"It was quite a Noctes. Audubon told us—by snatches—all his travels, history, with many an anecdote interspersed of the dwellers among the woods—bird, beast, and man.

"All this and more he told us, with a cheerful voice and animated eyes, while the dusky hours were noiselessly wheeling the chariot of Night along the star-losing sky; and we too had something to tell him of our own home-loving obscurity, not ungladdened by studies sweet in the Forest—till Dawn yoked her dappled coursers for one single slow stage—and then jocund Morn leaping up on the box, took the ribbons in her rosy fingers, and, after a dram of dew, blew her bugle, and drove like blazes right on towards the gates of Day."

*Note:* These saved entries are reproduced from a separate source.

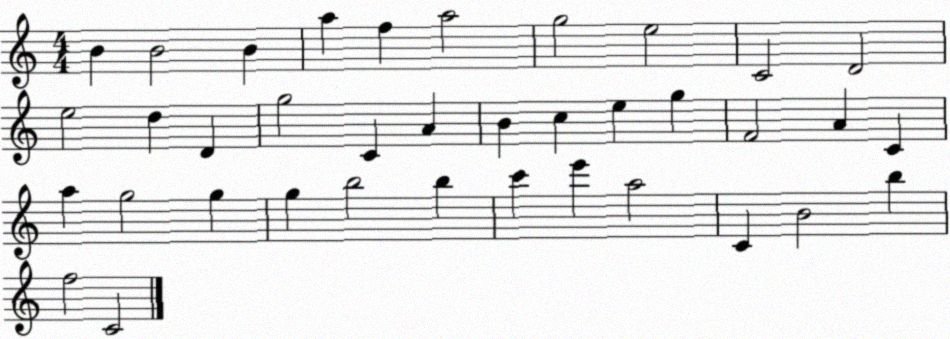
X:1
T:Untitled
M:4/4
L:1/4
K:C
B B2 B a f a2 g2 e2 C2 D2 e2 d D g2 C A B c e g F2 A C a g2 g g b2 b c' e' a2 C B2 b f2 C2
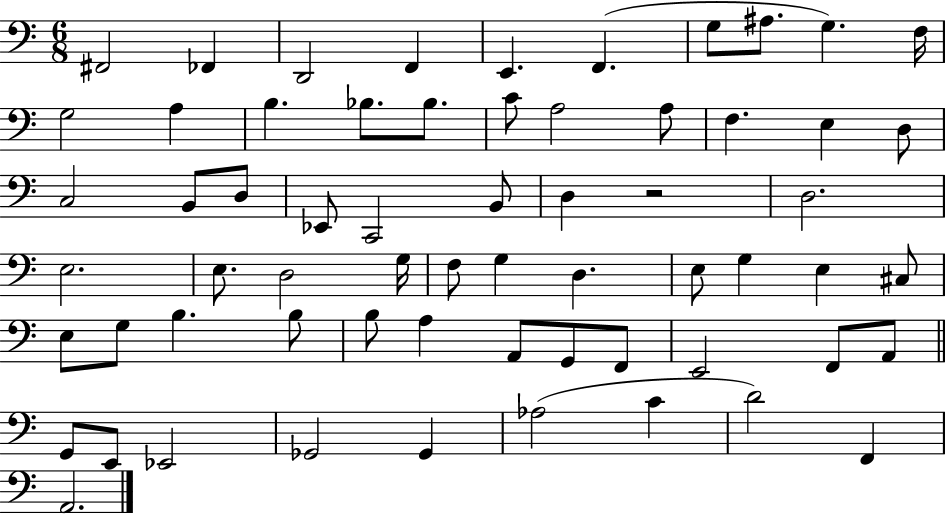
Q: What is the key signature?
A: C major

"His great work," says Wilson, elsewhere, "was indeed a perilous undertaking for a stranger in Britain, without the patronage of powerful friends, and with no very great means of his own—all of which he embarked in the enterprise dearest to is heart. Had it failed, Audubon would have been a ruined man—and that fear must have sometimes dismally disturbed him, for he is not alone in life, and is a man of strong family affections. But happily those nearest his breast are as enthusiastic in the love of natural science as himself—and were all willing to sink or swim with the beloved husband and venerated father. America may well be proud of him—and he gratefully records the kindness he has experienced from so many of her most distinguished sons. In his own fame he is just and generous to all who excel in the same studies; not a particle of jealousy is in his composition; a sin, that, alas! seems too easily to beset too many of the most gifted spirits in literature and in science; nor is the happiest genius—imaginative or intellectual—such is the frailty of poor human nature at the best—safe from the access of that dishonouring passion."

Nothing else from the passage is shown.